Q: The pursuit of freedom is a principle invoked by groups advocating for racial justice as well as by those who took part in the Capitol siege and ascribe to the “big lie” election theory. Is one side more right than the other?

There’s a difference between freedom and justice. What Black Lives Matter is asking for is justice. The people storming the Capitol – what they were asking for, as far as I can tell, was power. Power that they had lost in the democratic system and had lost democratically.

But what worries me is the idea of both sides giving up on the rules of the game, giving up on the ideals of democracy. Basically, what they have in common is that they believe they personally own the truth, and that without debate or concession or compromise or negotiation, they can decide what this country should be. By doing that, and by completely rejecting the legitimacy of the opposing side, they’ve poisoned the well of discourse in this country – and that discourse is the only thing that will save this country.  

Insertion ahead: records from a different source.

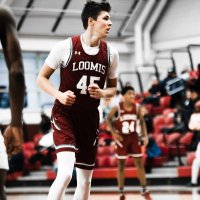 Justas Bardauskas (@bartka_12) 's Twitter Profile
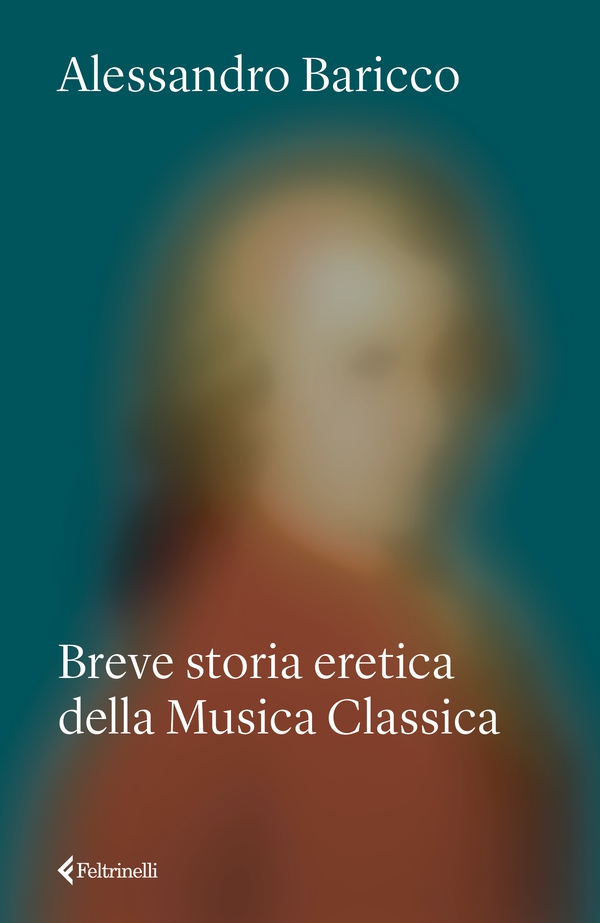 Breve storia eretica della Musica Classica - Librerie.coop Breve storia eretica della Musica Classica - Librerie.coop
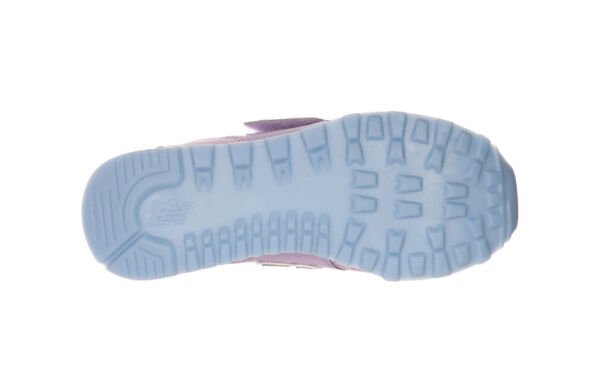 NB Lifestyle Pre-School Shoes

Q: Your book briefly touches on Afghanistan, a country where you’ve spent considerable time as a reporter and documentary filmmaker. With the Biden administration’s decision to withdraw all U.S. troops by Sept. 11, the Taliban are poised to regain power. How do you view their claim to freedom?

I loathe the Taliban like I loathe [Spanish dictator Francisco] Franco and [Chilean dictator Augusto] Pinochet and anyone who tramples human rights for their own benefit or their own ideology. But this is what’s so tricky about the word “freedom.” Who will enjoy freedom under the Taliban? The Taliban. They represent quite a swath of Afghan society – they represent probably the majority of the Pashtuns in Afghanistan – and for them, their definition of freedom is, “We don’t want somebody else telling us what to do and how to live and who to worship.” And I can’t dispute that with them; I just loathe their human values. 

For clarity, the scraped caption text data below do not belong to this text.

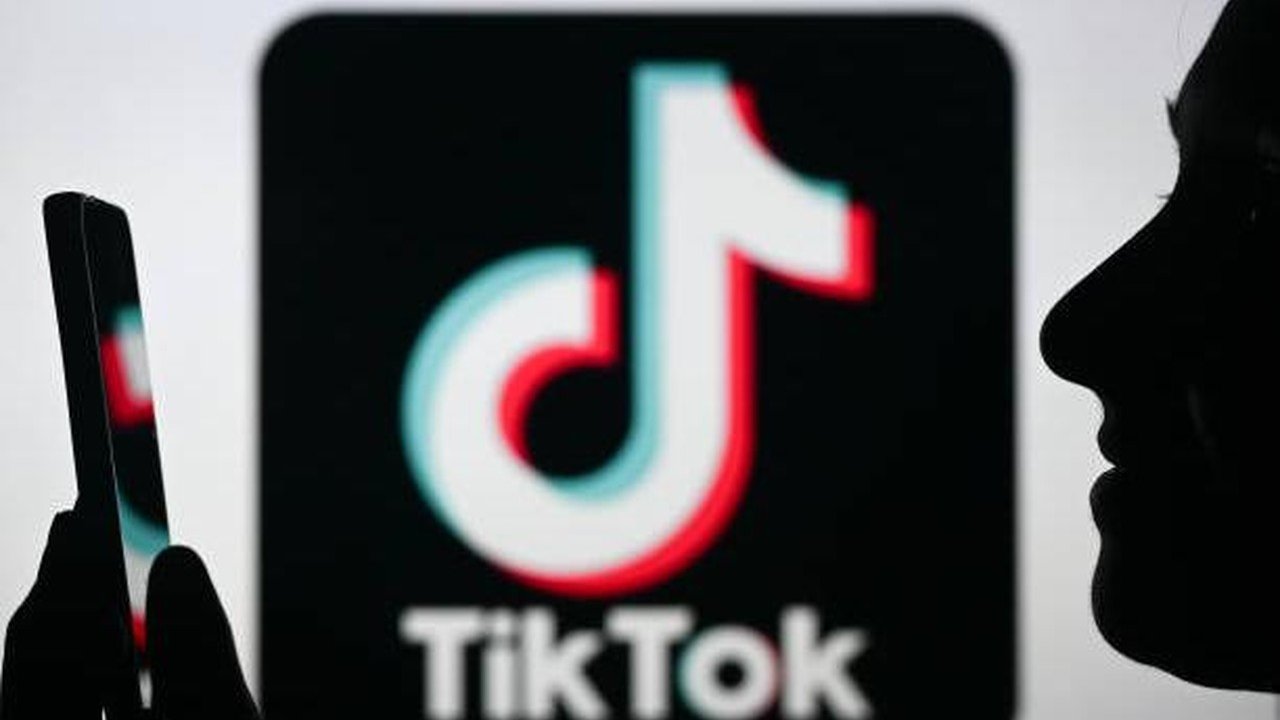 TikTok Kembali Diizinkan di Perangkat Pemerintah AS Setelah Perubahan Struktur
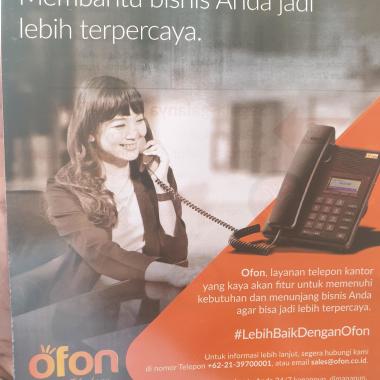 PT. BATAM BINTAN TELEKOMUNIKASI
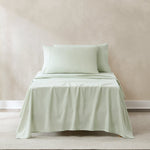 Verona Solid Sheet Set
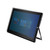Terra Pad 1162 Privacy Screen Protector
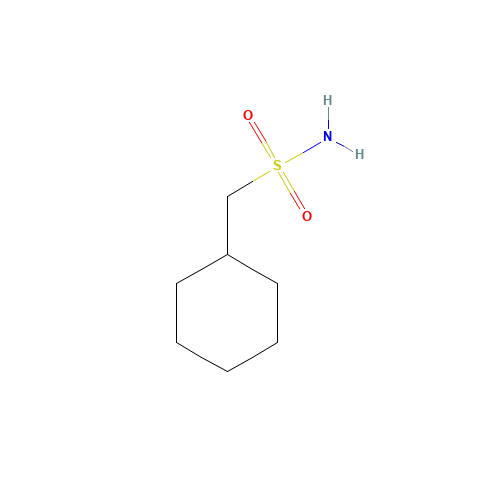 chemical structure of 4352-59-4 FT-0763926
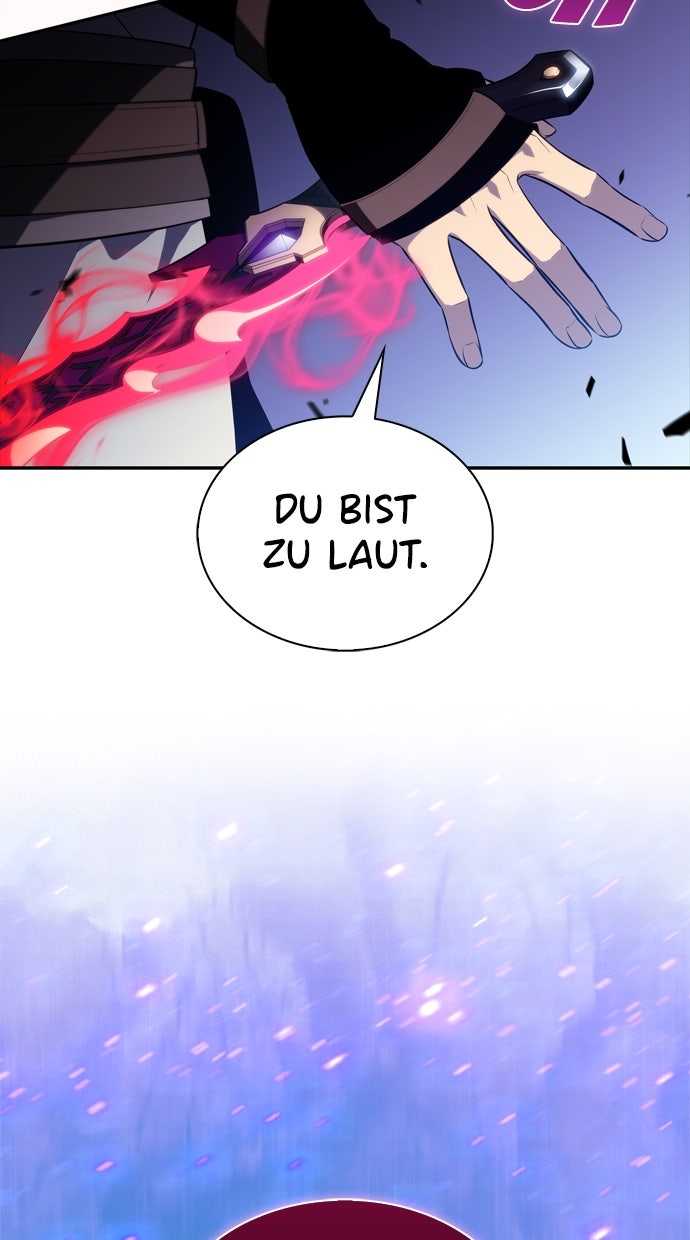 Read The Reborn Young Lord is an Assassin Manga Online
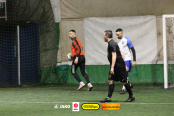<a href="https://st.getinfootball.com/albums/1100587/69bc027a192c3_1920.jpg" target="_blank">Завантажити оригінал</a>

I’m not going to tell Americans what policies they should ascribe to, but as a journalist, I can talk about the benefits and costs of different policies. The benefits of not being in Afghanistan is that there are 2,000 special ops forces that can’t possibly be killed because they won’t be there. That’s the upside, and we also won’t provide an easy excuse for the Taliban to justify their violence. The downside, of course, is that we pull out and Afghan society implodes and there’s tens of thousands of civilian deaths, and in all likelihood, the Taliban reclaim the country and impose their sharia law and rewind the beginnings of human rights and women’s rights. It makes me nauseous to think about it.

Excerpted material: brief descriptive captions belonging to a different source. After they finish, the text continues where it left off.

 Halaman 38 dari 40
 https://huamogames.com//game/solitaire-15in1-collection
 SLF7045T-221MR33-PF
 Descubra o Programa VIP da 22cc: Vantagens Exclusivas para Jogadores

Q: You write about different groups seeking freedom from their oppressors throughout history – the Scythians from the Persians, Native Americans from European colonialists, the Irish from British rule. What unifying motives did you find in that struggle across time? 

When agriculture and industry and technology came along, it enabled a power pyramid with very few people on top, and it became very, very hard for a coalition of people below that to overthrow them. But [the coalition] keeps doing it – or trying to – because freedom and human dignity and the ability to think that our children are going to be OK and live autonomous, safe lives – those desires are so intertwined that it gives people the courage to face literally anything. They’ve done that in the Arab Spring, in the American Revolution, in Myanmar in recent months. At the end of the day, they are basically fighting for the lives of their children. The courage of people – if you think about it for a moment too long, you start crying.

Q: The book ends with you revealing that the trek was an escape from the divorce you were getting at the time. You’ve since remarried, and you’re now the father of two young daughters. How has the concept of freedom changed for you on a personal level? 

A very understandable definition of freedom – particularly for a young person – is the freedom to pursue your own goals and ambitions and agenda unfettered by anything else. Another totally reasonable definition is to be freed from those sort of crass, earthly ambitions and to really dwell in the moment and in your hopes for your children’s futures. You’re liberated from the ego-driven desires of youth and you’re just like, “Wow, it’s a beautiful day. My children are healthy. I’m free. There’s nothing more I want.” Right now, if I was compelled by the freedoms of youth – I’m 59 – I’d be sort of pathetic. Likewise, if I was 22 and all I wanted to do was appreciate the beautiful day and the company of my children, you could ask me, legitimately, “What are you going to do with your life, buddy?” So what it really comes down to is, there’s many different ways of understanding freedom. And they’re all legitimate, and a lot of them are actually quite contradictory.